Die Form der Darbietung der Signale, etwa über Kopfhörer oder über Lautsprecher, die Qualität der Raumakustik bei Lautsprecherwiedergabe sowie der Charakter der dargebotenen Signale selbst führen u.a. zu Abweichungen zwischen unterschiedlichen Untersuchungen. Das Institut für Rundfunktechnik in München (IRT) kommt jedoch in einer neueren Studie [2] zur Wahrnehmbarkeit von GLZ Verzerrungen zu einer außerordentlich strengen Empfehlung für die Konstanz der Gruppenlaufzeit künftiger Regielautsprecher.

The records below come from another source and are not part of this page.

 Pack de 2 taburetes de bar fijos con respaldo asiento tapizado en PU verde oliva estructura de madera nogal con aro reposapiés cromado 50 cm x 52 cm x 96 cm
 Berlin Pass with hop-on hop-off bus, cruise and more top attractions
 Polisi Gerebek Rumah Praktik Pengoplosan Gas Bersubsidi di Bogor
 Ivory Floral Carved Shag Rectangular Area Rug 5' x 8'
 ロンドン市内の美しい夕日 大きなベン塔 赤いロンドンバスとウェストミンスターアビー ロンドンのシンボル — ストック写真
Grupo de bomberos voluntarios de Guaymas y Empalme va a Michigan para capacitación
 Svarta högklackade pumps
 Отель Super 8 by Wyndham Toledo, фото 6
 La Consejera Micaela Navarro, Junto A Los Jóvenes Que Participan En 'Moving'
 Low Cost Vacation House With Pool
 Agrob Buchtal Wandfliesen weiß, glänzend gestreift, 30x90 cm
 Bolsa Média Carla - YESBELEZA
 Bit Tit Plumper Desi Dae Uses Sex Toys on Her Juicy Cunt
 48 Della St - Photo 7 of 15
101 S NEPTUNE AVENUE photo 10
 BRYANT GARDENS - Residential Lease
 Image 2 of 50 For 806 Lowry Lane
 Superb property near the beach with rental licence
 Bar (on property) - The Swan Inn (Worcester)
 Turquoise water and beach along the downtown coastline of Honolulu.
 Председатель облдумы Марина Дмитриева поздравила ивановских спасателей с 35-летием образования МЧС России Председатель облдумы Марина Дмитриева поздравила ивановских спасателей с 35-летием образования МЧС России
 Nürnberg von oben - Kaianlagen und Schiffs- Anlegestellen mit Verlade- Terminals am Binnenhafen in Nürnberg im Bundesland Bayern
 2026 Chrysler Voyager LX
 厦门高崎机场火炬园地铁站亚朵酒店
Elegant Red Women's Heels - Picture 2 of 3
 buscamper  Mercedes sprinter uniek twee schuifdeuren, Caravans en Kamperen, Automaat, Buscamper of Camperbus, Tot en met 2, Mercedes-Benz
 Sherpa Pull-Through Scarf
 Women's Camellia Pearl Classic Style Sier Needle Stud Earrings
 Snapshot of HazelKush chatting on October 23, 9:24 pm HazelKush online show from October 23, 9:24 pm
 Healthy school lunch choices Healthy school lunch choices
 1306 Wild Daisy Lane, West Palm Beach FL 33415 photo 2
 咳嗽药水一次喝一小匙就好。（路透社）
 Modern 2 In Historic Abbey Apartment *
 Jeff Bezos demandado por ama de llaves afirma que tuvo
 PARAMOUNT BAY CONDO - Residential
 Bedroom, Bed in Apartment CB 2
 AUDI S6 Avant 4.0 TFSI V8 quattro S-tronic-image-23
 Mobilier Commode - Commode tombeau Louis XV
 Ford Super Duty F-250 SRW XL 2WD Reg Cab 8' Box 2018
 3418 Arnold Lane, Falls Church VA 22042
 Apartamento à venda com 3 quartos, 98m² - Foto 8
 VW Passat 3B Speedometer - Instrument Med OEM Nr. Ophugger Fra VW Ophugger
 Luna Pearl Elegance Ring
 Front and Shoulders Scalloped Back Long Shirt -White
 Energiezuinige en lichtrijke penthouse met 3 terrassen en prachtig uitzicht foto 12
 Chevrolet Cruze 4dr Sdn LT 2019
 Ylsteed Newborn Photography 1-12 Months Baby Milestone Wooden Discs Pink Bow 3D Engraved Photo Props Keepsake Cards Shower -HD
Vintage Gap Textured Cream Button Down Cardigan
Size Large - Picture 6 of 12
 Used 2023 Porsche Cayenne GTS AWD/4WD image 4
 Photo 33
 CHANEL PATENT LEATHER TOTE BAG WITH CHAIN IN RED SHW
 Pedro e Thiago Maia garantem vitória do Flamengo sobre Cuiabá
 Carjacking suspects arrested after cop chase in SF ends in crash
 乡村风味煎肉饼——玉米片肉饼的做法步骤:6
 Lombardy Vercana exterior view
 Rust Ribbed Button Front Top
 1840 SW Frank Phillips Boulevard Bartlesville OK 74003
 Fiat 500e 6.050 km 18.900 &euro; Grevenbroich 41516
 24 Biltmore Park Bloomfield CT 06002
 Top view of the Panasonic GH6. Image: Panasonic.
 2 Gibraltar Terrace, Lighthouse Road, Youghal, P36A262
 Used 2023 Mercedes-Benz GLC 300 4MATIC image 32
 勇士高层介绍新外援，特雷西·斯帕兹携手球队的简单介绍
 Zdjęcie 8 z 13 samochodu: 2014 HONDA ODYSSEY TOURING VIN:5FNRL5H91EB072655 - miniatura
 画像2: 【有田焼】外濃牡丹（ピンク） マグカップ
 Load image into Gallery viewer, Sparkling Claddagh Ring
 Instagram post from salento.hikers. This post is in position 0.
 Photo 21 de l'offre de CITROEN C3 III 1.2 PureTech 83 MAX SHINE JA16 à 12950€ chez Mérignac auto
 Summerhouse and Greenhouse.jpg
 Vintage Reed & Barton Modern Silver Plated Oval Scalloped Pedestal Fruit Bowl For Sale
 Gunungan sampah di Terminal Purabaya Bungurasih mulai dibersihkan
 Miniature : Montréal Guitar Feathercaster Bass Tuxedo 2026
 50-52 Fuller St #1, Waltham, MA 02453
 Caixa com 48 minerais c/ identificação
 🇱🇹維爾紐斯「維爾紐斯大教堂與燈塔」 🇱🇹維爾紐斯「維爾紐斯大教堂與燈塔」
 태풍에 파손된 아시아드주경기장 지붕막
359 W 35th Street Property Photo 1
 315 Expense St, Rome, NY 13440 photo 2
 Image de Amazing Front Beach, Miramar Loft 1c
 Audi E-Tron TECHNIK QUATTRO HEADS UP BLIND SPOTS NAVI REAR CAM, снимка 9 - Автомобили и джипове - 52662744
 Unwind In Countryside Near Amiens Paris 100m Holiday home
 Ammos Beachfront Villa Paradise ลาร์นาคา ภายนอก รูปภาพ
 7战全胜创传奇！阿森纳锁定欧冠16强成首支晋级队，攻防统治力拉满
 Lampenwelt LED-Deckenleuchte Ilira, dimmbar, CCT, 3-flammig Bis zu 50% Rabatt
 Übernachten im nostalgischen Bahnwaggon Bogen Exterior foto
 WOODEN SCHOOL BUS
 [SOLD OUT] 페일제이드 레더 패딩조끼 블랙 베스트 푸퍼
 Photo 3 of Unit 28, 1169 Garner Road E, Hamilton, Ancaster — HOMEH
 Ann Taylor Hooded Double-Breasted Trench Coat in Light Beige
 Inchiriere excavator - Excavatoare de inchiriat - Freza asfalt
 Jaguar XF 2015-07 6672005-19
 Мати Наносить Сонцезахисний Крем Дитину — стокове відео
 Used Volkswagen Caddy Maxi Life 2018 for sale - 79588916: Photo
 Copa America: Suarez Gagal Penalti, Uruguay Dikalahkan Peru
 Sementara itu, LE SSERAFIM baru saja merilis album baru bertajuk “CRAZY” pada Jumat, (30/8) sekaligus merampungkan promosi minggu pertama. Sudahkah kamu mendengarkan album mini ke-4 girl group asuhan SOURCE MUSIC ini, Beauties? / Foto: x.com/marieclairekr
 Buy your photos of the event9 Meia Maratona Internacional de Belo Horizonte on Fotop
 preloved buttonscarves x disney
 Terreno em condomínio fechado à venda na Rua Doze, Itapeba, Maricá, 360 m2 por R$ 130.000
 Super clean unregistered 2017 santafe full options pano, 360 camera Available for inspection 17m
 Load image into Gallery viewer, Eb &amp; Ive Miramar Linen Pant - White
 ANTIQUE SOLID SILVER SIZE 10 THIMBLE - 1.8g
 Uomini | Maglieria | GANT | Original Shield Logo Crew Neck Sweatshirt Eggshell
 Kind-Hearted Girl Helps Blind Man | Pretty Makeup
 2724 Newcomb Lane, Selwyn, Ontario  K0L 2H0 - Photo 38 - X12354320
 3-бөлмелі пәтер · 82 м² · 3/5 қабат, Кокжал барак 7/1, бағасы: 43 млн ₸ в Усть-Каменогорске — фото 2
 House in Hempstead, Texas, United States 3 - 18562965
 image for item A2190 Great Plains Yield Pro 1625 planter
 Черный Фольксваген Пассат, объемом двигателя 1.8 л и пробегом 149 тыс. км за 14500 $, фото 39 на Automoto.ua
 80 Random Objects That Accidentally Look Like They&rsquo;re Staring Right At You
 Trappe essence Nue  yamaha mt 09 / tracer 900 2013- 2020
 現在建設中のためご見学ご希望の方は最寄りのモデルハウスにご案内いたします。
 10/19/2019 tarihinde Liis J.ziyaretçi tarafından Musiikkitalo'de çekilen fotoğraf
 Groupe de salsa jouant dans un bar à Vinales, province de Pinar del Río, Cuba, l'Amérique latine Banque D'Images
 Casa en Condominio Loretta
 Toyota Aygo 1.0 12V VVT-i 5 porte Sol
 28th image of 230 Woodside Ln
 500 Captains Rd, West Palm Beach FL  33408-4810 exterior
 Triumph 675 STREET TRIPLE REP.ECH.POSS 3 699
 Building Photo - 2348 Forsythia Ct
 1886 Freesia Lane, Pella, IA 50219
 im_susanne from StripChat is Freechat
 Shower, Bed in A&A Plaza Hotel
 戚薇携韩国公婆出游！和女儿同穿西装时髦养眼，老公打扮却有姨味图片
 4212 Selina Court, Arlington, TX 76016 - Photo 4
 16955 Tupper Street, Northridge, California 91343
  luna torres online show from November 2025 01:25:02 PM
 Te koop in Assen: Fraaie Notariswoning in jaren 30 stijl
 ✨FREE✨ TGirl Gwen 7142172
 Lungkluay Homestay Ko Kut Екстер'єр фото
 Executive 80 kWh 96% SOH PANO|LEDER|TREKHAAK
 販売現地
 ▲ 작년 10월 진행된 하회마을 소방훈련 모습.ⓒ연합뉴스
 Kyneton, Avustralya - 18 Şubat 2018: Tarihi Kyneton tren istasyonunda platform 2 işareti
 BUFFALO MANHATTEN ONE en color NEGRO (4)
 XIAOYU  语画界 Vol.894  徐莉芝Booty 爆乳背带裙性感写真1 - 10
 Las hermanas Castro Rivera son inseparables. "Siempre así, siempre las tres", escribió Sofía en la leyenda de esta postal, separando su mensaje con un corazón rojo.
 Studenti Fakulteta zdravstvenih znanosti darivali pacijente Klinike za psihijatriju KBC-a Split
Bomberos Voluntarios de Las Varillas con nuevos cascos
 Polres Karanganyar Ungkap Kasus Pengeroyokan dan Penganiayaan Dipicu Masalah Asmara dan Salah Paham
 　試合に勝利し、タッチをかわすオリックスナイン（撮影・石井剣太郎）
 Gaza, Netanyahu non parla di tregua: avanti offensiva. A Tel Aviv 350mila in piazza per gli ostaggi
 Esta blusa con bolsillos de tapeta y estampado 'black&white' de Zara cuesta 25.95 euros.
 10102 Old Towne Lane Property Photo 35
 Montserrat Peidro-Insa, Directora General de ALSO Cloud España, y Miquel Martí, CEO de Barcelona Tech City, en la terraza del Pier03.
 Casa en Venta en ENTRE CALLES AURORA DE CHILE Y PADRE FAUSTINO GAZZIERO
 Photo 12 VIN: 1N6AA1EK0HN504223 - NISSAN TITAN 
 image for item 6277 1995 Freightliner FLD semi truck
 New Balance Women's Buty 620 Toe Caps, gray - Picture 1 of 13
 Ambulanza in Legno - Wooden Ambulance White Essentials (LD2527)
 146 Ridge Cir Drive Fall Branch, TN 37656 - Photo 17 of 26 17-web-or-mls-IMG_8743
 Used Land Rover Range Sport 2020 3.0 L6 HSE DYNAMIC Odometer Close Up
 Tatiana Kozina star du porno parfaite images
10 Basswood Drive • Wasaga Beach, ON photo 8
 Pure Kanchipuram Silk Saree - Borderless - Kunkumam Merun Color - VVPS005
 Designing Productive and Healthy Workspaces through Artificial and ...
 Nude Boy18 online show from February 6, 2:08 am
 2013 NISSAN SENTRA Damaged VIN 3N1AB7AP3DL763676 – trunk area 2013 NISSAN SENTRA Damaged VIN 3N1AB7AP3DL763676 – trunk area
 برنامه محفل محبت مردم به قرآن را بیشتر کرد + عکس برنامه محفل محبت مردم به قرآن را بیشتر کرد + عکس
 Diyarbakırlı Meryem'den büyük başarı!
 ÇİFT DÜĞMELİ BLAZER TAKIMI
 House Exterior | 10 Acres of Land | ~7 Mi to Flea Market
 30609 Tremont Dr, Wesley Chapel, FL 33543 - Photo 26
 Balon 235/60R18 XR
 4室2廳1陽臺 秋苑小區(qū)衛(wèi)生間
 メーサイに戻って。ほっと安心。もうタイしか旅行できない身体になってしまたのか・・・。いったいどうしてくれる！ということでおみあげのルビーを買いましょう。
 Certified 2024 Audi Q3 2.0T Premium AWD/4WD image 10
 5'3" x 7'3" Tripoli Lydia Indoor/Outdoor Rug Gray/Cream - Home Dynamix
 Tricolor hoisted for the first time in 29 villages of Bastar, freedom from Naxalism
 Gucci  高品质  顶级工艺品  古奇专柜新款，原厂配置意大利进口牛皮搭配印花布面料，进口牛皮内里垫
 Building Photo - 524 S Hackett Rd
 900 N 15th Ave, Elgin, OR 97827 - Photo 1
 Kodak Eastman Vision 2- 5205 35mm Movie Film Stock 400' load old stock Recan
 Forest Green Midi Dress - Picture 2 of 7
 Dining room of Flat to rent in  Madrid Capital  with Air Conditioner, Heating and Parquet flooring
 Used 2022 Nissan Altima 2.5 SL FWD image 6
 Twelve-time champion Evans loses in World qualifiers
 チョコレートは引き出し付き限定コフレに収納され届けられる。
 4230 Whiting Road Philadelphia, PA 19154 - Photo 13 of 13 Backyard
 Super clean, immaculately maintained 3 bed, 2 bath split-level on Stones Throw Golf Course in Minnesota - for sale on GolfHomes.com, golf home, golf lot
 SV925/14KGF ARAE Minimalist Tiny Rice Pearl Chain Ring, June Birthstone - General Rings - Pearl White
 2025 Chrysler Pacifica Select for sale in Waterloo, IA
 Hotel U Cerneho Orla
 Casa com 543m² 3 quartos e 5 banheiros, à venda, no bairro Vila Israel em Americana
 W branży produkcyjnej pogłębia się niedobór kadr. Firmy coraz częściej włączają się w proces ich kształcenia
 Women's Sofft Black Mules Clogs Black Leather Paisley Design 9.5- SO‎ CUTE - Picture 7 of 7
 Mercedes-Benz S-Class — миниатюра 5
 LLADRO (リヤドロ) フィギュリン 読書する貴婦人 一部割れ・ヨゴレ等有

Die genannte Studie gibt auch einen kurzen Überblick über die in vorangegangenen Experimenten ermittelten Schwellenwerte und deren z.T. erhebliche Abweichungen untereinander. Laut IRT Studie sollen Regielautsprecher im Frequenzbereich 500 Hz ... 10 Khz eine Abweichung der Gruppenlaufzeit von maximal +/- 0,2 ms aufweisen. Dies ist ein Wert, der mit üblichen dynamischen Mehrwegelautsprechern in der Praxis kaum einzuhalten ist.

Die festgelegte Schwelle wird im angegebenen Frequenzbereich mit üblicher Lautsprechertechnik leicht um ein Vielfaches überschritten. Die Streuung in den bisher für GLZ Verzerrungen gefundenen Wahrnehmungsschwellen legt jedoch die Vermutung nahe, daß weitere Faktoren für die Hörbarkeit von GLZ Verzerrungen existieren, welche bisher nicht genau genug umrissen wurden. Ein von Lee/Geddes [3] durchgeführtes Wahrnehmungsexperiment ist in diesem Zusammenhang besonders interessant: Es wurden vergleichende Tests der Wahrnehmbarkeit veränderter Gruppenlaufzeit bei gleichzeitiger Anhebung des Hochtonbereiches durchgeführt. Dabei wurden Hochtonanhebung und Gruppenlaufzeit variiert. Die Wahrnehmungsschwellen für das Vorhandensein der so charakterisierten Kammfilter im Signalweg wurden gegenüber dem unveränderten Stimulus ermittelt.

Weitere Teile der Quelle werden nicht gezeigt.